Task material>
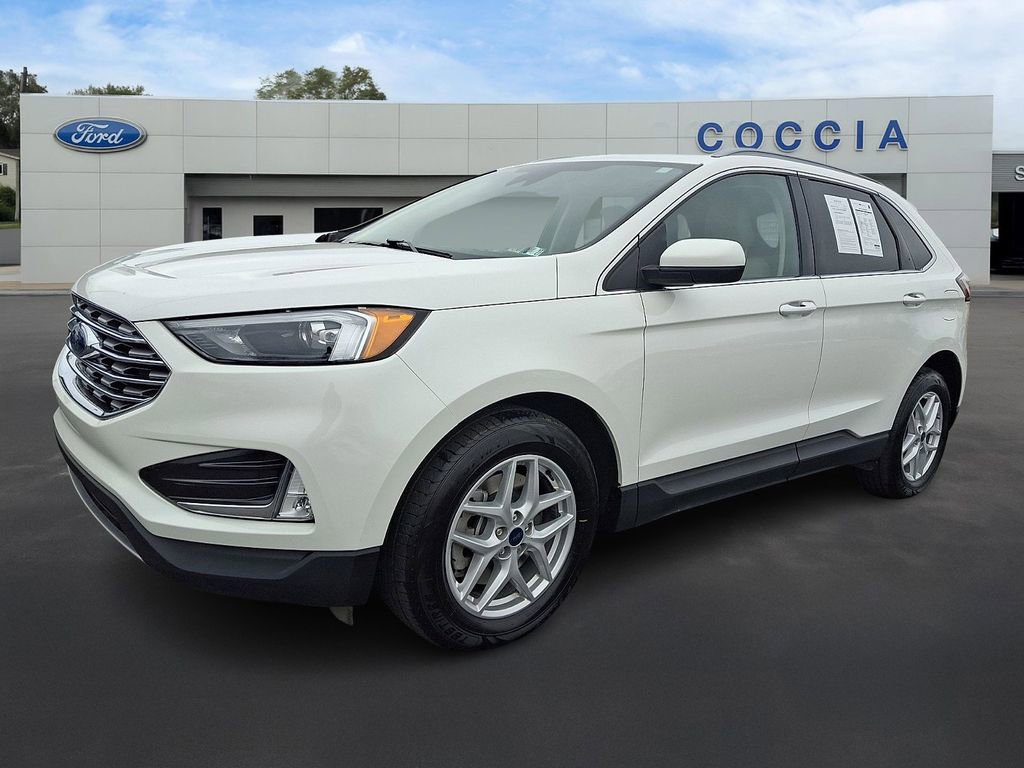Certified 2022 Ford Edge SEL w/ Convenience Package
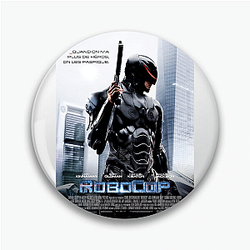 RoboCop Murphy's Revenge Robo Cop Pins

...

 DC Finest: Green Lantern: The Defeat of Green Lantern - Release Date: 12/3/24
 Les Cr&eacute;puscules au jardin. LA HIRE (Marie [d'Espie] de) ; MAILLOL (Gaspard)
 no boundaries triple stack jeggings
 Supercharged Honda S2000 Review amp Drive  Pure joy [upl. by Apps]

Brief>
Retype only this portion of the data above: the line containing "Les Cr&eacute;puscules au", the line containing "Supercharged Honda S2000", and all lines between them, exactly.

Answer to the exercise>
 Les Cr&eacute;puscules au jardin. LA HIRE (Marie [d'Espie] de) ; MAILLOL (Gaspard)
 no boundaries triple stack jeggings
 Supercharged Honda S2000 Review amp Drive  Pure joy [upl. by Apps]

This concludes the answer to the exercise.